Write the JSON schema that mirrors the Markdown. Every piece of data in the .md should be structured in the .json so downstream tools can parse it.
Include 1 fully-worked example — a mock audit for a fictional detailing shop, written out end-to-end. This becomes the agent's "north star" for what "good" looks like.

💡 Why the example matters most

Structural rules ("use H2 for module headers") are table stakes — the agent will follow them. What the agent needs to calibrate tone, specificity, and depth is one complete worked example. The difference between a mediocre audit and a great one is mostly in language, not structure. The example shows the language bar.

5 Validation checkpoints — T1 and T2 ~2h each · Day 18 + Day 22

Once Trung has deployed the agent and it runs, you're the final gate on quality.

T1 — Day 18 — Synthetic client run

Trung runs the agent against fixtures/synthetic-client.json (fake detailing shop, safe to break). You compare the agent's output against the reference audit you pulled for Deliverable 3's example.

Pass criteria:

All 5 modules populated — no empty sections.
Output structure matches output-report-template.md exactly (section names, table columns).
Recommendations are specific (name actual things to do, not vague advice).
No factual errors in what the agent states about the synthetic data (catches hallucination).
Self-check flag is false (agent didn't give up).

Your time: ~2h — read the full output, score against criteria, write up issues as bulleted feedback for Trung to feed back to the agent via system prompt refinement.

T2 — Day 22 — Real low-risk client run

Jake picks a real client (likely Shamrock Detailing or Procam Detailing). Trung runs the agent end-to-end. You review the output as if you were about to send it to the client.
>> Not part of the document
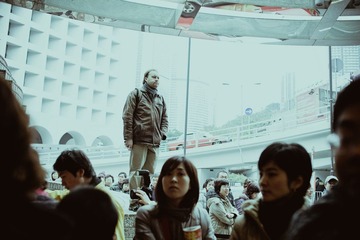 _NHW9242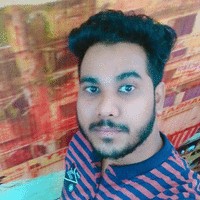 Magic Software Inc. Employee Pankaj Sharma's profile photo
Pass criteria: all T1 criteria + the "would I send this to the client after light editing?" test. Light editing = grammar, tone smoothing, maybe adding 1-2 client-specific notes. Not: rewriting sections, adding missing analysis, fixing factual errors.
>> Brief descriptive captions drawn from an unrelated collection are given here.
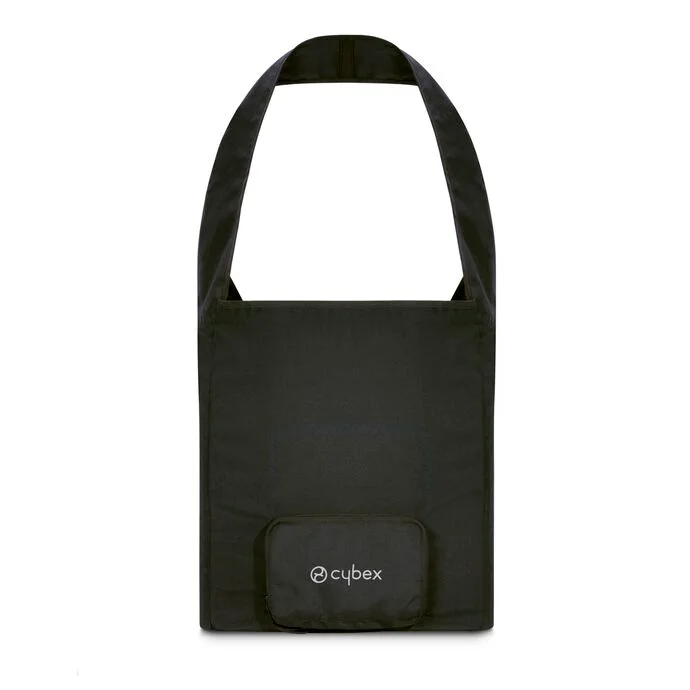 Φωτογραφία προϊόντος: Cybex Libelle Travel Bag Τσάντα Μεταφοράς
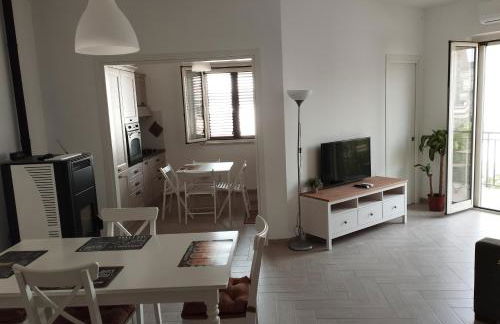 Goccia di Mare - Foto 4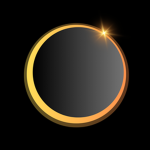 Total Eclipse Games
Your time: ~2h — side-by-side compare with the client's last manual audit (if one exists), score, write a go/no-go with specific issues.

6 Logistics & handoff

What	Where it lives	Who sees it
`system-prompt.md`	ClickUp task attachment → Trung downloads	You write, Trung deploys, Jake reviews
`gbp-44-point-rubric.json`	Same	You write, Senior TL reviews weights, Trung mounts
`output-report-template.md`	Same	You + Senior TL write, Jake reviews
T1 / T2 feedback	ClickUp comment thread on the pilot task	You, Trung, Jake

Your ClickUp tasks

SNAV-SENT-001 — System prompt authoring (due Day 10) — assigned to you
SNAV-SENT-002 — 44-point GBP rubric (due Day 11) — assigned to you, Senior TL reviewer
SNAV-SENT-003 — Output report template (due Day 12) — assigned to you + Senior TL
SNAV-SENT-004 — T1 validation (due Day 18) — assigned to you
SNAV-SENT-005 — T2 validation (due Day 22) — assigned to you

When you hit a blocker

Post in #seo-automation Slack with @jake @trung. Examples of real blockers:

Scoring a GBP point requires data we can't get from the Apify scraper → we need Trung to extend the scraper or drop the point.
The draft system prompt references a skill file that doesn't exist yet → flag it, Senior TL writes the skill file or Trung stubs one.
44 points doesn't divide cleanly — we naturally have 38 or 52 → rename it and pick the right number; the "44" branding is not load-bearing.

🏁 Success for you, on Day 22

The agent has shipped its first real-client audit. Client received a report that was quality-equal-or-better than last month's manual version. You spent ~13 hours over two weeks writing the system prompt + rubric + template, plus ~4 hours validating T1 + T2. Instead of personally running 3-4 hours of manual audit work on every new client, you now review the agent's output in 30-60 minutes and make strategic calls the agent can't.

That's the shape of "SEO Lead" in the AI-native agency. Not less work, different work — higher-leverage judgment over lower-leverage execution.